Yes, herbs in 100% vinegar are shelf stable. You should have no problem storing an herb vinegar for 3-6 months. If you refrigerate the vinegar, I'd expect an 8-12 month shelf life. Flavor extraction is highest after about 3 to 4 weeks. What you want to watch out for are signs of mold or fermentation - if you see anything like this, toss the infusion. These are very unlikely with well-dried herbs (and I mean here fresh herbs without any trace of moisture on them, not necessarily dehydrated herbs. Important safety note: the above does NOT apply to herbs infused in oil. Only vinegar.

It sounds like what you are asking about is more for body care though. Herbs infused in water will tend to mold or get icky faster than ones in vinegar. Vinegar is very good for haircare as an after shampooing rinse. I add citric acid to my hair rinse, but an herbal vinegar rinse is a great option too.
8 years ago

nancy sutton wrote:I know that Erica will get to your question, John, and I apologize for 'cutting in' here, but it brought to mind this book I found fascinating... including it's unusual preservation info... (and highly recommended by Steve Solomon

Thanks Nancy - that looks like a great suggestion.
8 years ago

John Saltveit wrote:Hi Erica,
I have lots of leafy greens at various times: horseradish leaves during the growing season, leeks during the winter and spring, shotweed cress in late winter, curly mallow in summer and fall, scorzonera in spring, that I would love to preserve for other times of the year. What are your favorite ways of preserving leafy greens to maintain texture, flavor and nutrition?
John S

Hi John, great question. I'll start with the caveat that anything I put the effort into preserving has to be worth it from a time perspective, and that means people in my family have to want to eat it whatever I've preserved out of season. And with two young kids, you can imagine that the more vital greens aren't always the first choice on the menu.

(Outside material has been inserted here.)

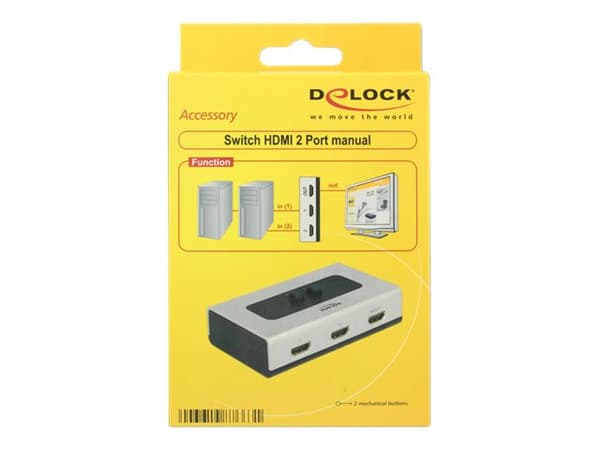 Delock Switch HDMI 2 port manual - Video/audio switch - 2 x HDMI - stasjonær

So for me personally, I try to eat many, many greens fresh, in season, and raw or lightly cooked. So - things like salads, sautees, soups and whatnot get made all year round with the greens that are available seasonally.

And honestly, since you are in PDX and do have the advantages of year round growing, I would advise that you start by eating as much as you can fresh when it is optimum for your climate.

So moving from that, I preserve my leafy greens, including herbs, in one of two ways. 1) drying on low temperature, and then making typically a kind of DIY "greens powder" that can be added to soups or smoothies. 2) freezing as a pesto, or pureed in a bit of olive oil. I really love herbal pestos, and they are very useful and versatile culinarily. In your situation, I would blend some of the more potent of these greens (like horseradish) with more mild greens like parsley for an herb paste. Add nuts if you like (OR hazelnuts are always amazing) and a bit of lemon to brighten the flavor. Then you can use that kind of paste year round with meat, beans, seafood or grains.